* What you are asked to do
The response should be the data again, identical in every line.

#####

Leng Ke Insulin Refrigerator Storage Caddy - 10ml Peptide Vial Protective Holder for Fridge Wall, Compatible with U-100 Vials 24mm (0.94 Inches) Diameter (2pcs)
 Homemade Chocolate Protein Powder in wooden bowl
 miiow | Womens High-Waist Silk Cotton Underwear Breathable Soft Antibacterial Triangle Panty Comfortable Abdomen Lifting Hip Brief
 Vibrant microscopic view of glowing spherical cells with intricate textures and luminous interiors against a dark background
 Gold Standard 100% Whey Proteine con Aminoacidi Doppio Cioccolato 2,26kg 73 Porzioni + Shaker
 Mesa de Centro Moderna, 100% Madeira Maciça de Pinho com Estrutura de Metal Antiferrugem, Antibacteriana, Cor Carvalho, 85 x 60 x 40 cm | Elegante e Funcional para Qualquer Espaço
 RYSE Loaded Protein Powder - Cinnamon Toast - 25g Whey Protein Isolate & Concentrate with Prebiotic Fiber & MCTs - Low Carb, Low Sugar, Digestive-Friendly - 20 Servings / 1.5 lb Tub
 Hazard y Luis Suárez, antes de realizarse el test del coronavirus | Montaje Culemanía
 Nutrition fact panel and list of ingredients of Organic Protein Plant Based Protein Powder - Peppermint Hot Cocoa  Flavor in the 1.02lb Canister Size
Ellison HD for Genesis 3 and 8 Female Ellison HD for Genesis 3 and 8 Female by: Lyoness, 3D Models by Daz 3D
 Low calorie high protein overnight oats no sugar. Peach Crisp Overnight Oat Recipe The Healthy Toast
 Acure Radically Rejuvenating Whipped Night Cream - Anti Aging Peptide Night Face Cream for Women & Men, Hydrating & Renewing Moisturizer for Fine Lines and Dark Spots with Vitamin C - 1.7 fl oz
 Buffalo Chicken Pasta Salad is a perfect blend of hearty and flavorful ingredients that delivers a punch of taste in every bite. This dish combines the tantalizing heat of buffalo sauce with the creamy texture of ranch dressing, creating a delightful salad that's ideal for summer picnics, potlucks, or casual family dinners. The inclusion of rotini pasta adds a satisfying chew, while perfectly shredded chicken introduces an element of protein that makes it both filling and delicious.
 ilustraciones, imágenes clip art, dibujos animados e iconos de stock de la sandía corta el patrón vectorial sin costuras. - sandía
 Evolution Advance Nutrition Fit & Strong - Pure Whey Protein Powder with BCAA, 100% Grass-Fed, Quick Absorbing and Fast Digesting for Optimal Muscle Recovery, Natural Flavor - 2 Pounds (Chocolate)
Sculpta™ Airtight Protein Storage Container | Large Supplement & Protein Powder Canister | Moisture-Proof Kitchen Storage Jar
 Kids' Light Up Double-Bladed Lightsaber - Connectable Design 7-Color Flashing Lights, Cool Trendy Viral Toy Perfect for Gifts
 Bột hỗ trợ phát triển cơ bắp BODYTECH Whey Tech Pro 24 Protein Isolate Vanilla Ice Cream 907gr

#####

* Answer space
Leng Ke Insulin Refrigerator Storage Caddy - 10ml Peptide Vial Protective Holder for Fridge Wall, Compatible with U-100 Vials 24mm (0.94 Inches) Diameter (2pcs)
 Homemade Chocolate Protein Powder in wooden bowl
 miiow | Womens High-Waist Silk Cotton Underwear Breathable Soft Antibacterial Triangle Panty Comfortable Abdomen Lifting Hip Brief
 Vibrant microscopic view of glowing spherical cells with intricate textures and luminous interiors against a dark background
 Gold Standard 100% Whey Proteine con Aminoacidi Doppio Cioccolato 2,26kg 73 Porzioni + Shaker
 Mesa de Centro Moderna, 100% Madeira Maciça de Pinho com Estrutura de Metal Antiferrugem, Antibacteriana, Cor Carvalho, 85 x 60 x 40 cm | Elegante e Funcional para Qualquer Espaço
 RYSE Loaded Protein Powder - Cinnamon Toast - 25g Whey Protein Isolate & Concentrate with Prebiotic Fiber & MCTs - Low Carb, Low Sugar, Digestive-Friendly - 20 Servings / 1.5 lb Tub
 Hazard y Luis Suárez, antes de realizarse el test del coronavirus | Montaje Culemanía
 Nutrition fact panel and list of ingredients of Organic Protein Plant Based Protein Powder - Peppermint Hot Cocoa  Flavor in the 1.02lb Canister Size
Ellison HD for Genesis 3 and 8 Female Ellison HD for Genesis 3 and 8 Female by: Lyoness, 3D Models by Daz 3D
 Low calorie high protein overnight oats no sugar. Peach Crisp Overnight Oat Recipe The Healthy Toast
 Acure Radically Rejuvenating Whipped Night Cream - Anti Aging Peptide Night Face Cream for Women & Men, Hydrating & Renewing Moisturizer for Fine Lines and Dark Spots with Vitamin C - 1.7 fl oz
 Buffalo Chicken Pasta Salad is a perfect blend of hearty and flavorful ingredients that delivers a punch of taste in every bite. This dish combines the tantalizing heat of buffalo sauce with the creamy texture of ranch dressing, creating a delightful salad that's ideal for summer picnics, potlucks, or casual family dinners. The inclusion of rotini pasta adds a satisfying chew, while perfectly shredded chicken introduces an element of protein that makes it both filling and delicious.
 ilustraciones, imágenes clip art, dibujos animados e iconos de stock de la sandía corta el patrón vectorial sin costuras. - sandía
 Evolution Advance Nutrition Fit & Strong - Pure Whey Protein Powder with BCAA, 100% Grass-Fed, Quick Absorbing and Fast Digesting for Optimal Muscle Recovery, Natural Flavor - 2 Pounds (Chocolate)
Sculpta™ Airtight Protein Storage Container | Large Supplement & Protein Powder Canister | Moisture-Proof Kitchen Storage Jar
 Kids' Light Up Double-Bladed Lightsaber - Connectable Design 7-Color Flashing Lights, Cool Trendy Viral Toy Perfect for Gifts
 Bột hỗ trợ phát triển cơ bắp BODYTECH Whey Tech Pro 24 Protein Isolate Vanilla Ice Cream 907gr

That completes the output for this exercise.